:: TASK ITEM ::
Reproduce the listing word for word, leaving every picture behind.

*** Opening of DATA BELOW ***

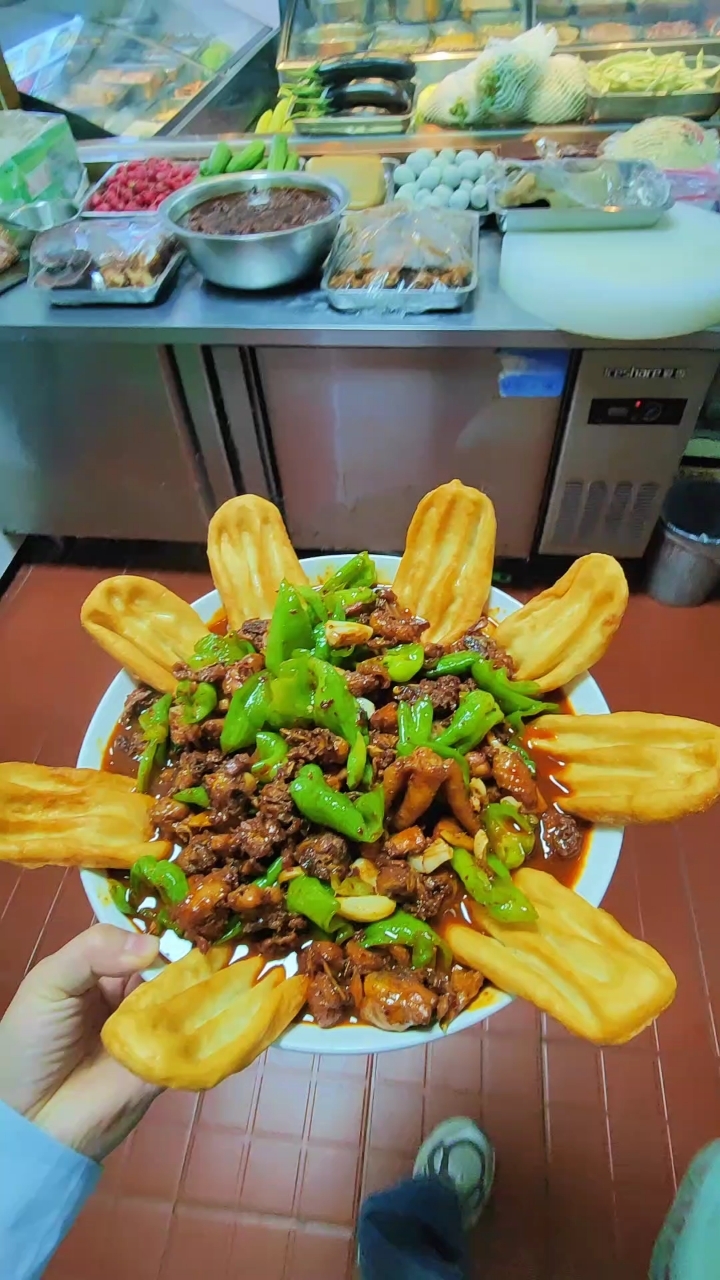 沭阳美食酥鸡饼 椒盐猪蹄 卤肉 虎皮凤爪 海州辣子鸡 ～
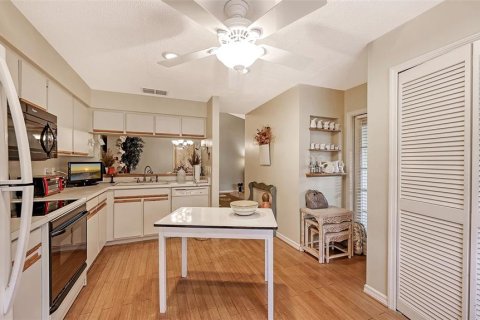 Condo in Sarasota, Florida, 2 bedrooms  № 2141923 - photo 13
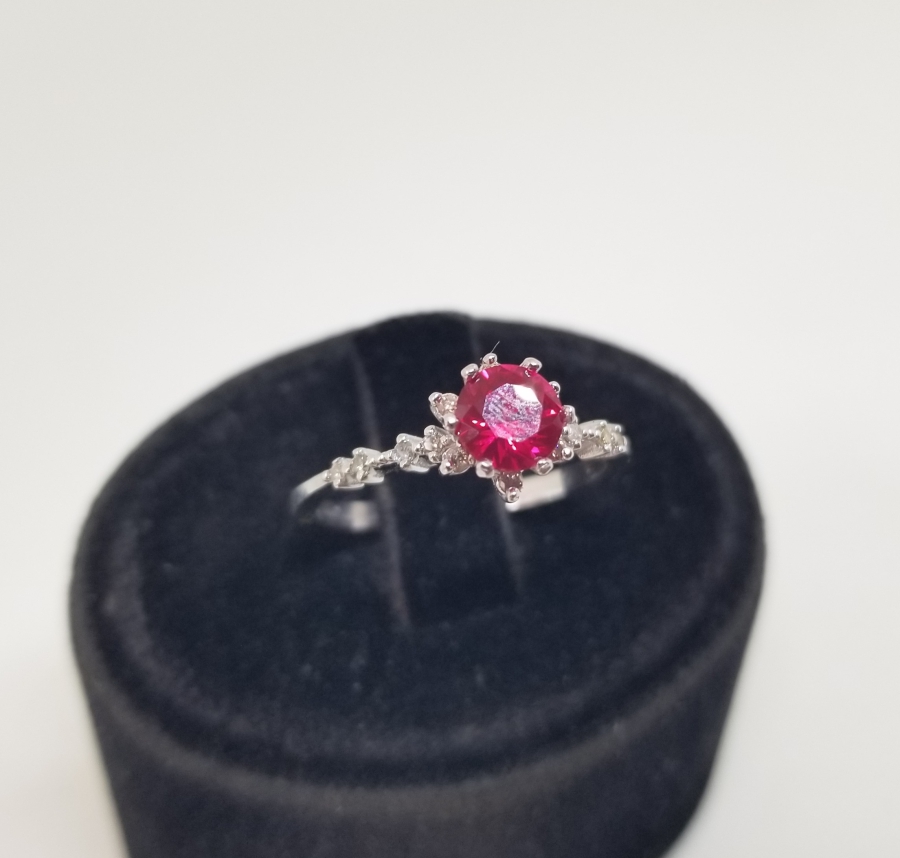 YAKUT VE PIRLANTA TAŞLI TEK TAŞ MODEL YÜZÜK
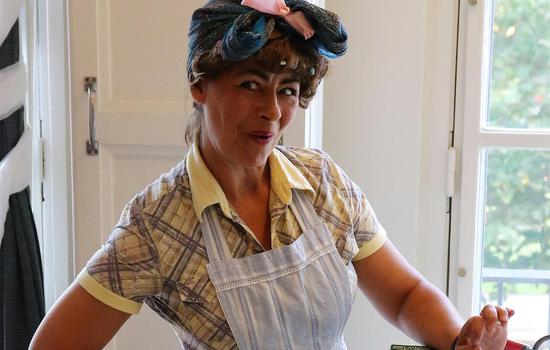 Un thé chez Madame_9 avril, 16, 30 juillet ©PAPTheatre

*** Close of DATA BELOW ***

:: SOLUTION TO THIS PROBLEM ::
 沭阳美食酥鸡饼 椒盐猪蹄 卤肉 虎皮凤爪 海州辣子鸡 ～
 Condo in Sarasota, Florida, 2 bedrooms  № 2141923 - photo 13
 YAKUT VE PIRLANTA TAŞLI TEK TAŞ MODEL YÜZÜK
 Un thé chez Madame_9 avril, 16, 30 juillet ©PAPTheatre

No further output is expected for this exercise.